Copy the data exactly; pictures stay out of the copy.

• DATA BELOW:
──────────

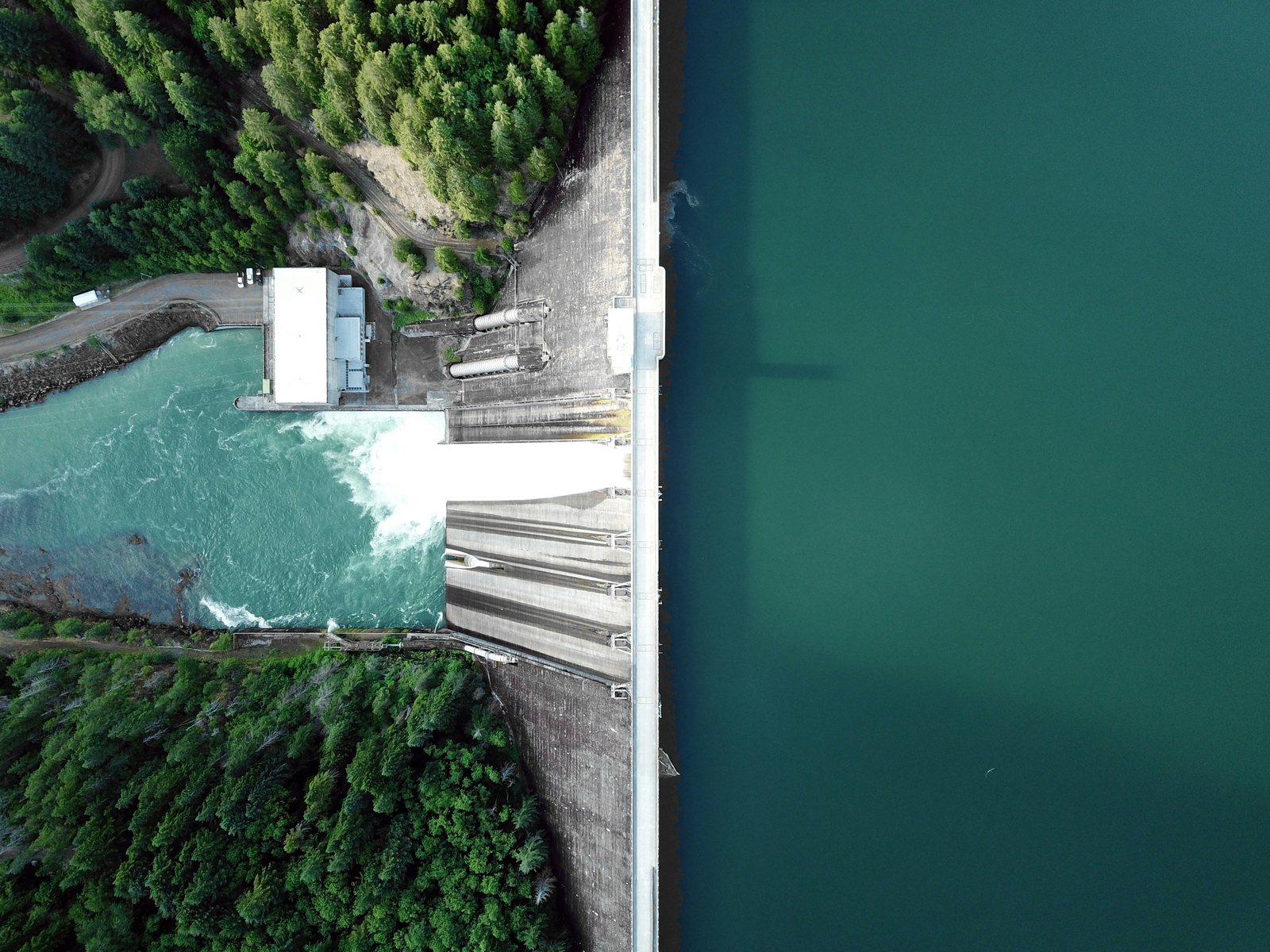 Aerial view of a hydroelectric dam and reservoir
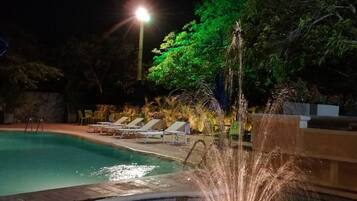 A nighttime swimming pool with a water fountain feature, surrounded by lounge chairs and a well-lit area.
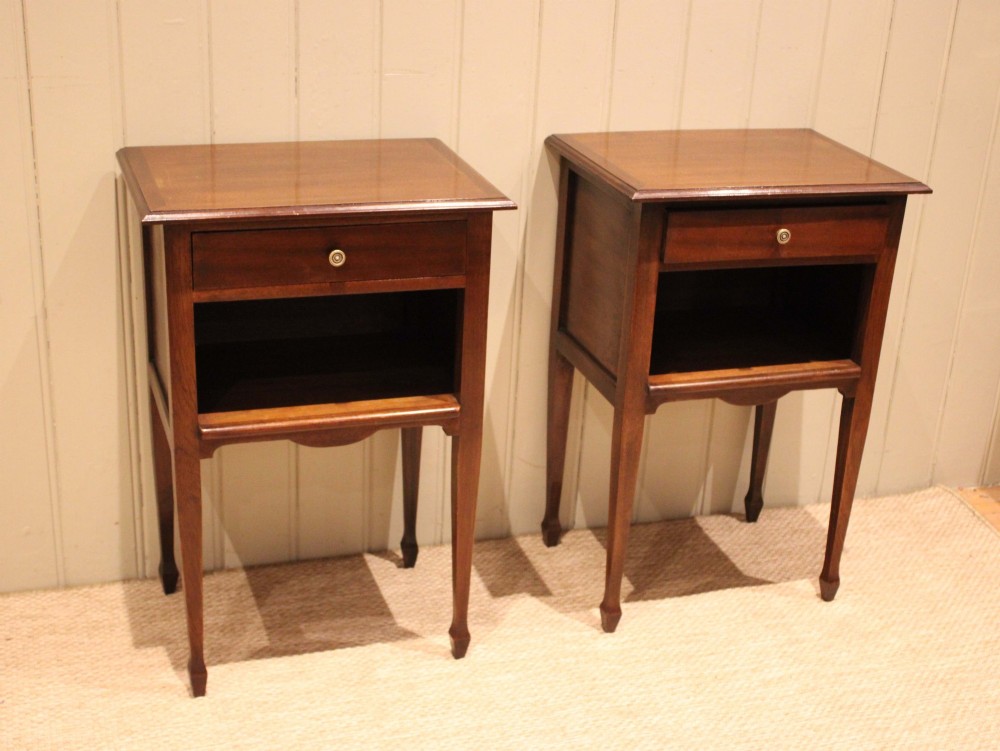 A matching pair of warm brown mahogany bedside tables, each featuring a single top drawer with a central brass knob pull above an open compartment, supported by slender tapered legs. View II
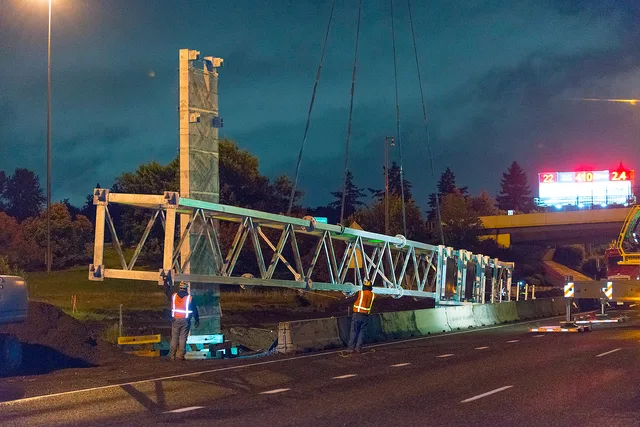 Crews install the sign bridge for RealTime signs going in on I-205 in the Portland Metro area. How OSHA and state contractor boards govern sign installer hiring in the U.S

──────────

• OUTPUT BELOW:
 Aerial view of a hydroelectric dam and reservoir
 A nighttime swimming pool with a water fountain feature, surrounded by lounge chairs and a well-lit area.
 A matching pair of warm brown mahogany bedside tables, each featuring a single top drawer with a central brass knob pull above an open compartment, supported by slender tapered legs. View II
 Crews install the sign bridge for RealTime signs going in on I-205 in the Portland Metro area. How OSHA and state contractor boards govern sign installer hiring in the U.S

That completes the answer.